Autêntica, mesmo que sua franqueza causasse mal estar. Ela sempre fora solícita aos apêlos do seu coração, porque para ela, nada podia ser mais fiel que ele. E por isso, mesmo... seu coração agora lhe aconselhava à liberdade total e irrestrita. Nada dessa história de colocar um amor para curar o outro. Isso podia funcionar na ficção ou na vida dos outros, na dela, nunca dera certo.

O momento pedia uma despedida. Uma grande despedida. Despedida do passado. Despedida do amor que passou. Despedida da pessoa que era enquanto vivia o amor passado. Precisava urgentemente, arrematar a aquela história (linda) dentro de si.

Não havia mais espaço em seu coração para as lembranças ou as saudades. Seu coração precisa desconstruir-se, re-descobrir-se, deixando as sombras do passado no passado.

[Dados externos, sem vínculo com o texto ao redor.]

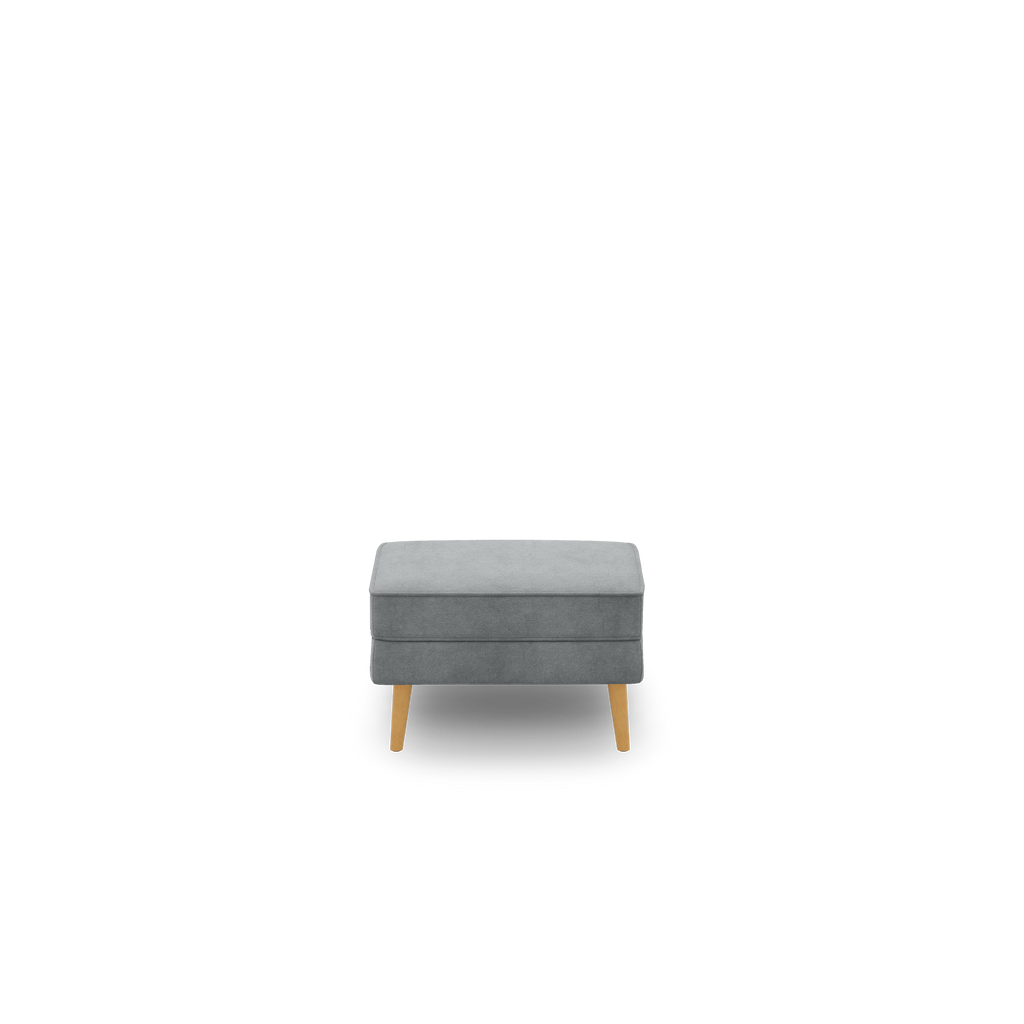 Nomad Velvet Ottoman - Feather - Performance Velvet / Oak - Wood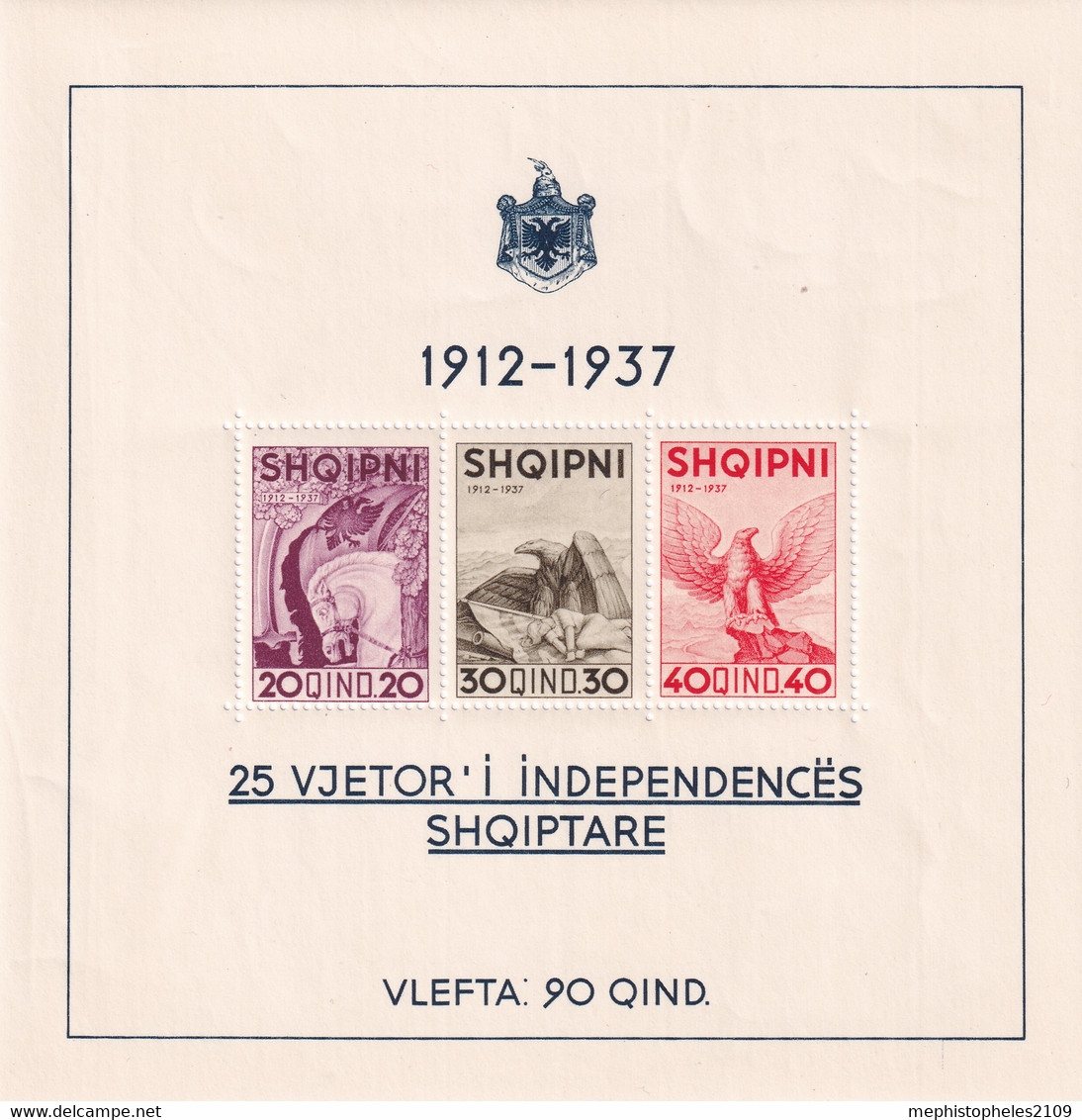 ALBANIA 1937- MNH - Mi Block 1 - Independence - Albania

Outro tempo descortinava-se para ela. Se seria bom ou ruim, não podia responder. Não, agora. Entretanto, precisava ser vivido intensamente.

Marcara a data e a hora para se libertar do passado. Não pedira licença à vida para isso. Apenas decidira e pronto: meia noite e quarenta e cinco minutos do dia vinte de Agosto de 2008.

Esse era o dia. Essa era a hora. A hora da despedida de si mesmo.